= Zhao Yufen =

Chinese chemist

Zhao Yufen (赵玉芬 (趙玉芬, Zhào Yùfēn); born 1948) is a Chinese chemist at the college of chemistry and chemical engineering at Xiamen University. She has been an outspoken critic of chemical plants. She was the youngest female member elected to the Chinese Academy of Sciences.

== Biography ==
Zhao was born in Qi County, Hebi, Henan, and moved to Taiwan in 1949 with her parents. Zhao graduated from National Tsing Hua University (Taiwan) in 1971, and received her Ph.D from State University of New York at Stony Brook in 1975. In 1979, she went on to become a researcher at the Institute of Chemistry, Chinese Academy of Sciences. She became a professor at Tsinghua University (Beijing) in 1988 and in 1991, was elected to the Chinese Academy of Sciences, then the youngest female academician.

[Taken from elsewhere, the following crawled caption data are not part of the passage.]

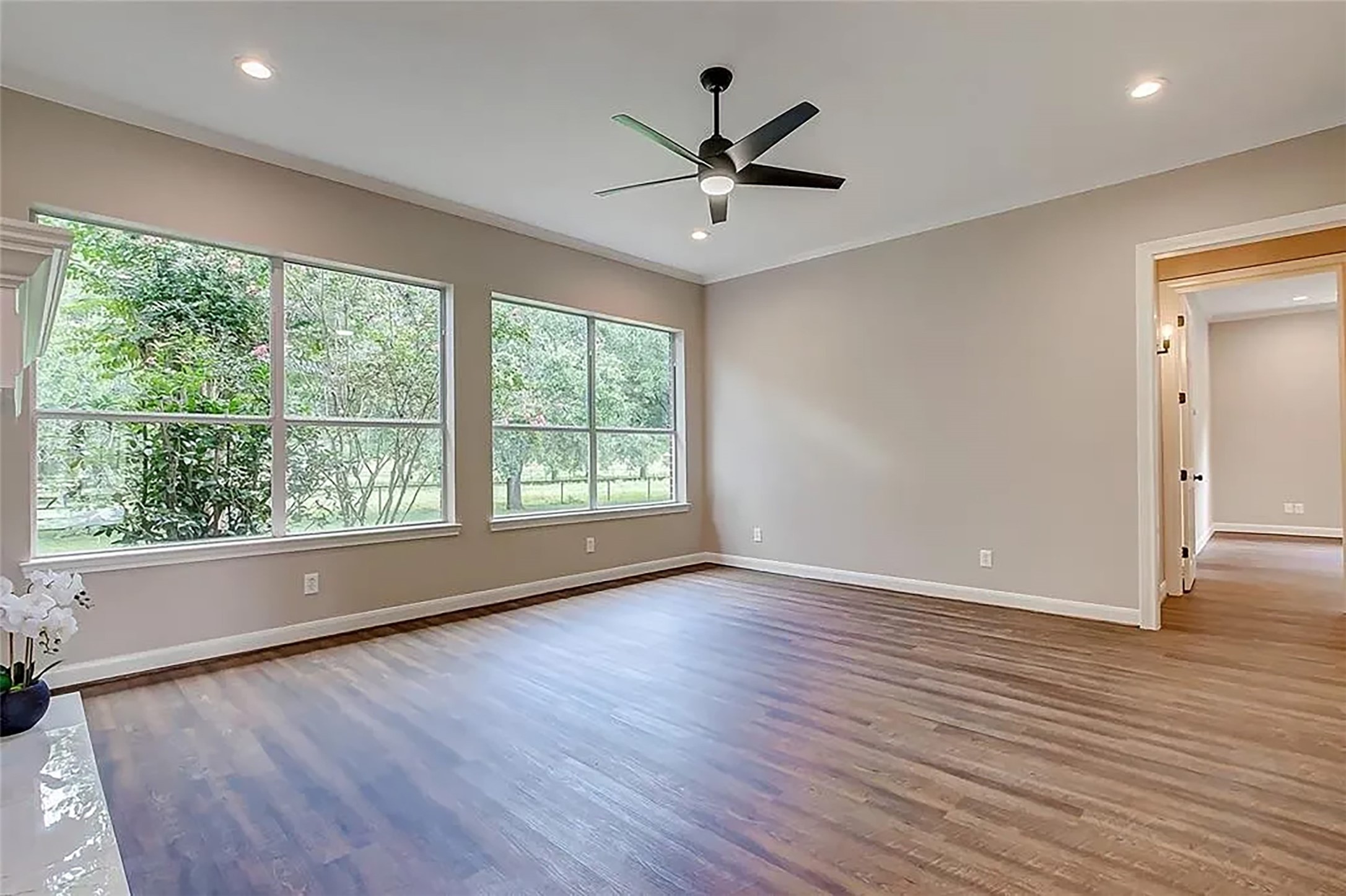 4421 Bowser Road Fulshear, TX 77441 - Photo 27 of 41 an empty room with wooden floor fan and windows
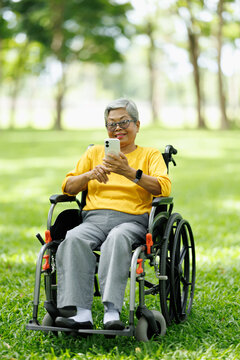 Senior asian woman in a wheelchair holding smartphone, smiling and messaging in a green park, representing active aging, independence, and digital connectivity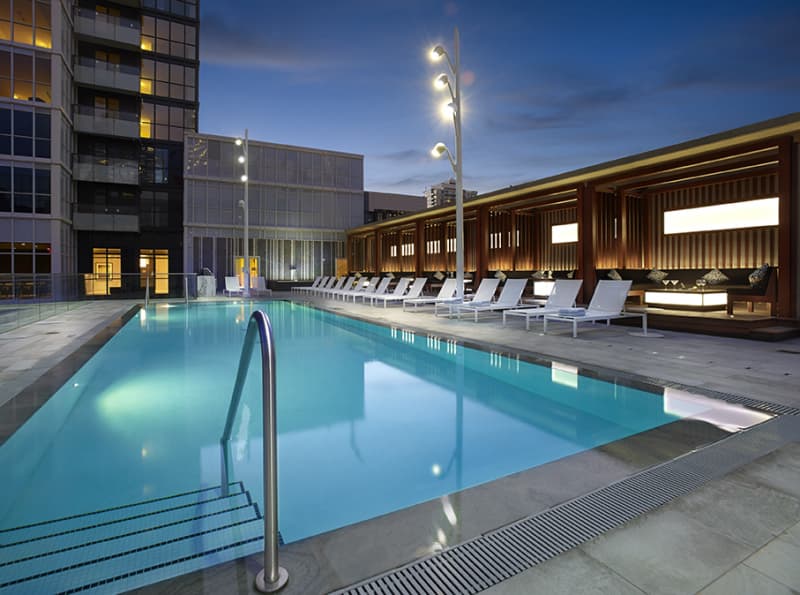 Illuminated rooftop pool with lounge chairs, metal railings, and modern building facades at dusk.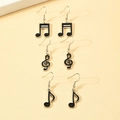 Set di tre paia di orecchini minimalisti in smalto nero a forma di note musicali e argento - Set Argento Nero (3 Paia)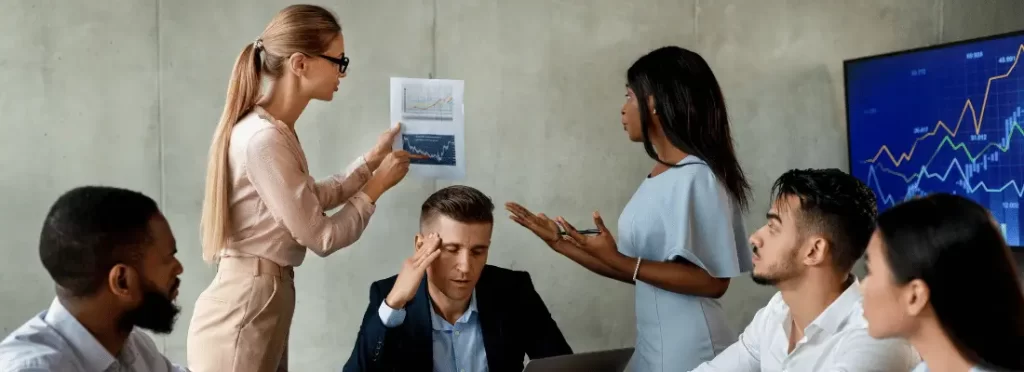 Em reunião de uma empresa, duas mulheres discutindo sobre um gráfico e outros funcionários na mesa olhando. O chefe está escutando tudo de olhos fechado e mão na cabeça
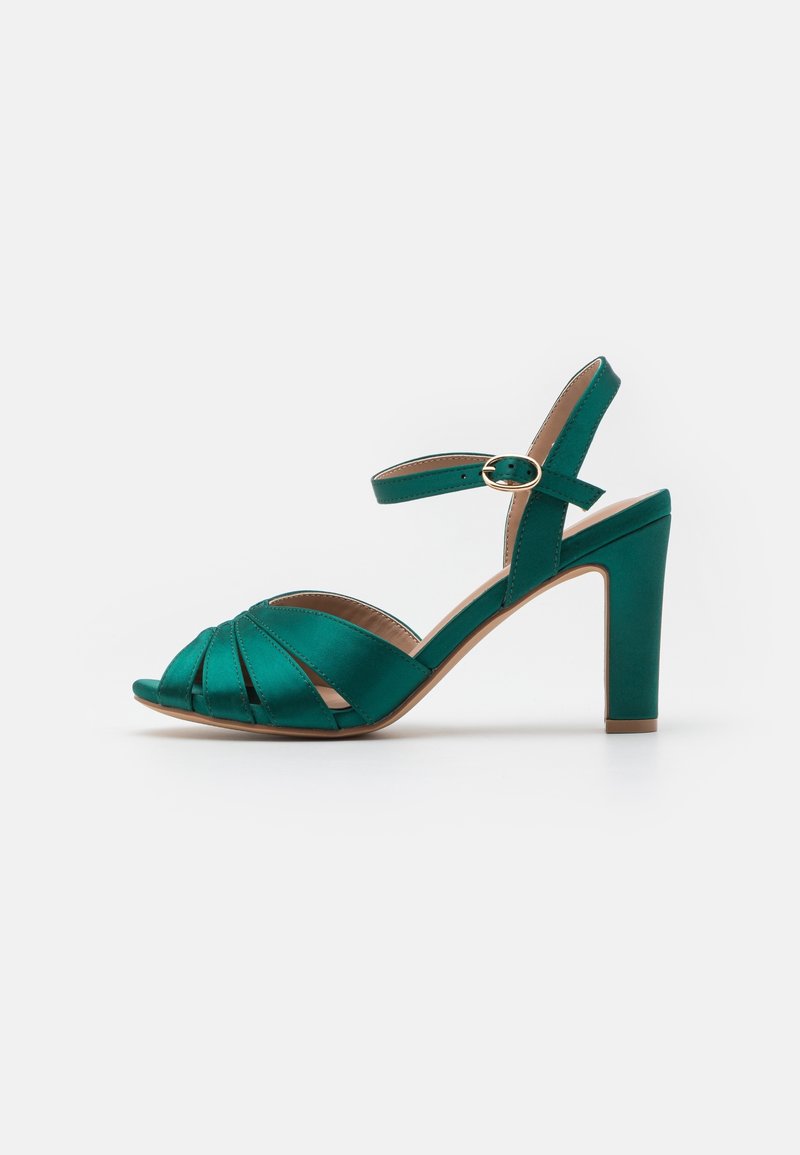 Sandale vert satin à talon haut, bout ouvert, bride à la cheville, boucle dorée et talon bloc sur fond blanc.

In March 2007, Zhao created a petition to halt the construction of a chemical plant in Xiamen. Zhao was against the plant, which was going to produce paraxylene (PX), a carcinogenic petrochemical, due to health risks and pollution of the environment. She said that "As a project with a high risk of poisonous emissions and explosions, the project should not be located close to a city." She also started writing letters to propose a relocation of the plant to He Lefeng, the Party chief of Xiamen. Months later, protesters used text messages to spread the word of a demonstration against the plant. Xiamen lawmakers voted overwhelmingly against the plant, which was located to Gulei Peninsula.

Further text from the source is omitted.